Wednesday, September 26, 2012

These days are special too.......

I've been spending a lot of time lately looking through old pictures and watching home movies. Seeing Eli and Ava with high pitched voices,baby teeth or no teeth at all.It makes me feel a little sad and I miss those days so much.

But these days are special too. I will look back on them years from now and miss the voices I hear today,I'll miss those newly grown in adult teeth that are a little too big for their mouths right now.I'll miss their voices at this age. So I'm paying attention. More attention than I've paid in the years past. I'm watching them differently. I want to remember.



I came across this a few days ago, and I keep it in my head. Its beautiful and oh so true..........


You will never have this day with your children again.
Tomorrow, they'll be a little older than they were today.
This day is a gift. Breathe and notice. Smell and touch them.
Study their faces and little feet and pay attention. Relish the charms of the present.
Enjoy today, Mama. It will be over before you know it.
-Jen Hatmaker



 I am so so glad that I've taken so many pictures through the years. Even though I know I've annoyed my kids,husband and probaly everyone else in my family at some point and time. But looking back on those images makes me so glad I did.

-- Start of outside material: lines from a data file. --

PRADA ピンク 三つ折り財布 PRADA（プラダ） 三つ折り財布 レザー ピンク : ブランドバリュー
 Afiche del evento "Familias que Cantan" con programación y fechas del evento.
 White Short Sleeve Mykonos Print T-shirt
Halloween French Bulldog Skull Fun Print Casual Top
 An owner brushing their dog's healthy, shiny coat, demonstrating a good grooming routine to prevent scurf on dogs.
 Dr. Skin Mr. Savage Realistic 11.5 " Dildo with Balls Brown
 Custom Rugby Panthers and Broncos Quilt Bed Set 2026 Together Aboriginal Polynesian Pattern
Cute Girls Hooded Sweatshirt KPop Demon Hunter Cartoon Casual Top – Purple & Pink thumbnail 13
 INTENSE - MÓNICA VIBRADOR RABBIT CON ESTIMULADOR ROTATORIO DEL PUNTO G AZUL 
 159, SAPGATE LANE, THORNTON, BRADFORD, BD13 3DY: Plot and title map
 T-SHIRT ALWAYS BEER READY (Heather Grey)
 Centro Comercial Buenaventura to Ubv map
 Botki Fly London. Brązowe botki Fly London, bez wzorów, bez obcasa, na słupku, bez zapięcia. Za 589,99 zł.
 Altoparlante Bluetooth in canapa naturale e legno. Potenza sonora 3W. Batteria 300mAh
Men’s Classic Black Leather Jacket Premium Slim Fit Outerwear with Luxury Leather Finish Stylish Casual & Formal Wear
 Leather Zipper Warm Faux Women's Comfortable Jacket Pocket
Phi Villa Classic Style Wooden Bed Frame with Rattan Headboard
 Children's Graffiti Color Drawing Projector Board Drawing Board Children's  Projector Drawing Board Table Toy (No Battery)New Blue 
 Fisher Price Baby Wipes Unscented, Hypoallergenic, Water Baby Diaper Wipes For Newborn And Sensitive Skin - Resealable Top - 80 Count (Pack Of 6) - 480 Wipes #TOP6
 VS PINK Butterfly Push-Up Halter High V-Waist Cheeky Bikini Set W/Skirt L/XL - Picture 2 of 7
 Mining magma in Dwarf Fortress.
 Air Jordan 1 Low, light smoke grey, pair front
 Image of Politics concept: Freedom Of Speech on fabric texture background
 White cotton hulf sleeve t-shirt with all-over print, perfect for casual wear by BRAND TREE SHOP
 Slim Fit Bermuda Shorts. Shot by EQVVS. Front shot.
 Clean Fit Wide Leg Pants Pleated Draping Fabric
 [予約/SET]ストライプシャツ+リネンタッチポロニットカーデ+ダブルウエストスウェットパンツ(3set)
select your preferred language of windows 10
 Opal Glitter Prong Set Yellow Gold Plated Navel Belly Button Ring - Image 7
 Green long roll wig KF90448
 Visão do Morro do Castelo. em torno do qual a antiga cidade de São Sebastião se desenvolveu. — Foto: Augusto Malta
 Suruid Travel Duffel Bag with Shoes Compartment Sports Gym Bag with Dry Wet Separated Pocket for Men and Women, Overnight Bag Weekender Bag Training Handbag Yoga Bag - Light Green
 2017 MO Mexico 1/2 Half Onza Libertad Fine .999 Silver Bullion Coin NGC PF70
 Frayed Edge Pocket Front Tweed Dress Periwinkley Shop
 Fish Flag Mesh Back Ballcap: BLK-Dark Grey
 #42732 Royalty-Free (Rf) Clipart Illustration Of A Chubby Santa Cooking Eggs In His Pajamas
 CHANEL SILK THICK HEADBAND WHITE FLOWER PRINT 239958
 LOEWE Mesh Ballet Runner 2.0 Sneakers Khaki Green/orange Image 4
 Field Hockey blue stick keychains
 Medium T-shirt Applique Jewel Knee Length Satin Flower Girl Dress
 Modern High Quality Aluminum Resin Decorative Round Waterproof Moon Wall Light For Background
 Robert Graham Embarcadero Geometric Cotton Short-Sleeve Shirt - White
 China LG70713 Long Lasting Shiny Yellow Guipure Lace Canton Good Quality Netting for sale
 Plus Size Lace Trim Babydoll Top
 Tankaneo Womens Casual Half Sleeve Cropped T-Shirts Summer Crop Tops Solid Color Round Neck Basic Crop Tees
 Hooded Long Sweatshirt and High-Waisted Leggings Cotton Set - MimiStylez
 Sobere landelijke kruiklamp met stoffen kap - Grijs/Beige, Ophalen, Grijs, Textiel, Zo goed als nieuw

And I know they'll appreciate them too.

Here are a few I came across that I just love..........
 

 Eli and daddy used to have a secret fishing spot (until the owners of the property told them to stop coming) He was so proud this day:)

Ava and her boots,this girl has always had a fashion sense.


chasing bubbles, I remember this like it was yesterday..................


And Cal's duck........

 Oh, baby teeth! I miss this 6 year old boy...........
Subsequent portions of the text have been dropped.